NCT number NCT04705129
Other study ID # RJ-PMBCL-1
Secondary ID
Status Recruiting
Phase Phase 2
First received
Last updated
Start date January 1, 2021
Est. completion date January 1, 2024

Study information

Verified date March 2021
Source Ruijin Hospital
Contact Weili Zhao, PhD, MD
Phone +862164370045
Email zwl_trial@163.com
Is FDA regulated No
Health authority
Study type Interventional

Clinical Trial Summary

The study is to investigate the safety and efficacy of Zanubrutinib combined with Tislelizumab in the treatment of relapsed/refractory primary mediastinal large B-cell lymphoma and Epstein-Barr Virus-positive diffuse large B-cell lymphoma.


Description:

R-CHOP regimen is the first-line therapy in DLBCL which greatly improved the efficacy of diffuse large B-cell lymphoma (DLBCL) and achieved good long-term survival.
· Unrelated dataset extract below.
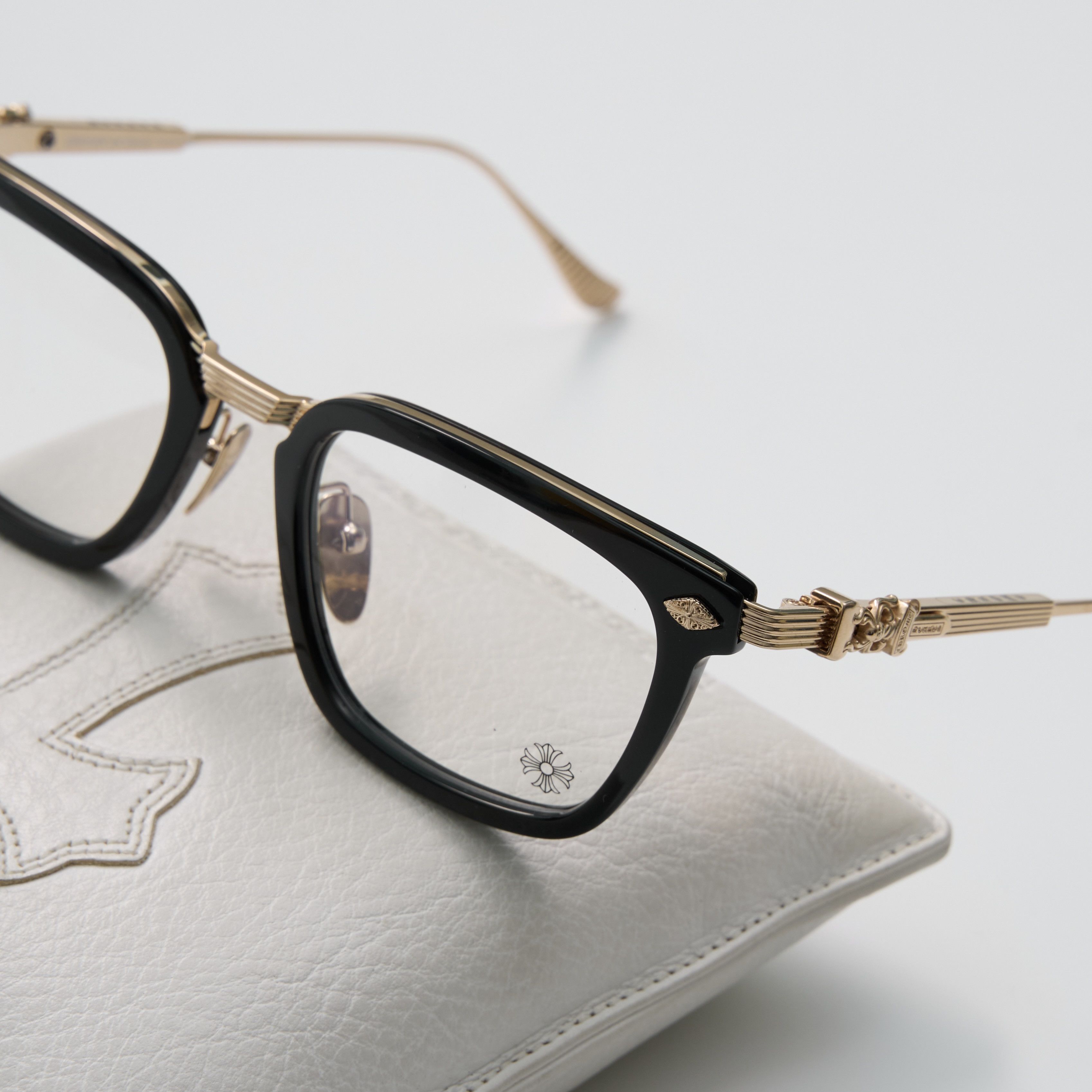 Chrome Hearts CHROME HEARTS OVERPOKED BLACK-PLASTIC/ GOLD PLATED GLASSES Size ONE SIZE - 2 Thumbnail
However, among DLBCL patients treated with R-CHOP, EBV+ had a lower 5-year OS than EBV- patients (65% vs 82%). For primary mediastinal large B-cell lymphoma (PMBCL), although the initial treatment has a better prognosis than DLBCL, there are still 10% to 30% of PMBCL patients with primary refractory or relapsed disease, and the prognosis is poor. Zanubrutinib combined with Tislelizumab has been proved efficient in relapsed or refractory NHLs, with ORR rate 37%, CR rate of 16.7%. This phase II, prospective, open-label, single-arm study will evaluate the efficacy and safety of Zanubrutinib combined with Tislelizumab in the treatment of relapsed/refractory primary mediastinal large B-cell lymphoma and Epstein-Barr Virus-positive diffuse large B-cell lymphoma.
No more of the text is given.